• [Working data]:
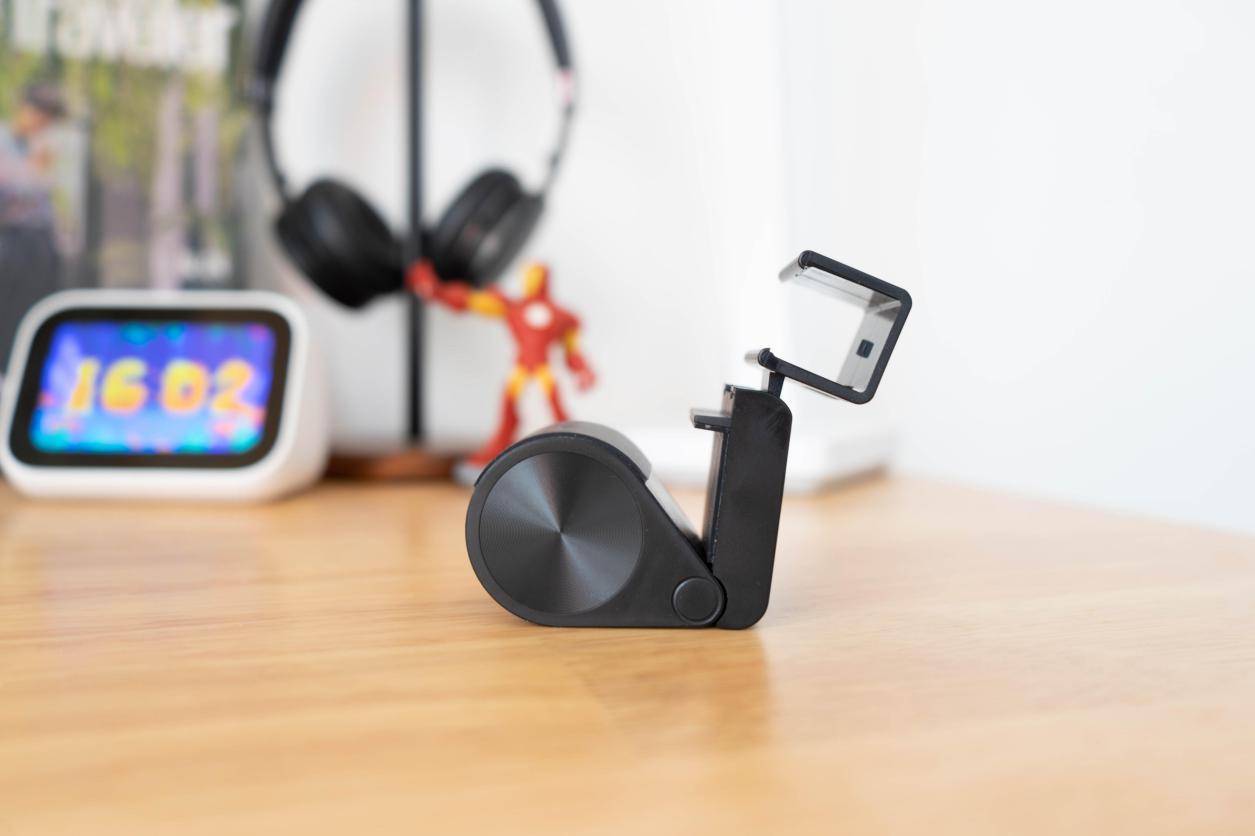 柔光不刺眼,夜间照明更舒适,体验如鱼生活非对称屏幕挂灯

--

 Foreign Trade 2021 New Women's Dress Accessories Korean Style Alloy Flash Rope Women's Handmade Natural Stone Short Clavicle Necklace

--

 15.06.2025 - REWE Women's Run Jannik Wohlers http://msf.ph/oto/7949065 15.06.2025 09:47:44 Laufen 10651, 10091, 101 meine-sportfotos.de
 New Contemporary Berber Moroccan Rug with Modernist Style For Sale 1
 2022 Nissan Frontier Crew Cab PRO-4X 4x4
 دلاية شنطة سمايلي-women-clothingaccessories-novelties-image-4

• [Requirement]: What you give back must be the stretch above, starting at the line with "15.06.2025 - REWE" and ending at the line with "دلاية شنطة سمايلي-women-clothingaccessories-novelties-image-4", copied exactly.

• [Exercise response]:
 15.06.2025 - REWE Women's Run Jannik Wohlers http://msf.ph/oto/7949065 15.06.2025 09:47:44 Laufen 10651, 10091, 101 meine-sportfotos.de
 New Contemporary Berber Moroccan Rug with Modernist Style For Sale 1
 2022 Nissan Frontier Crew Cab PRO-4X 4x4
 دلاية شنطة سمايلي-women-clothingaccessories-novelties-image-4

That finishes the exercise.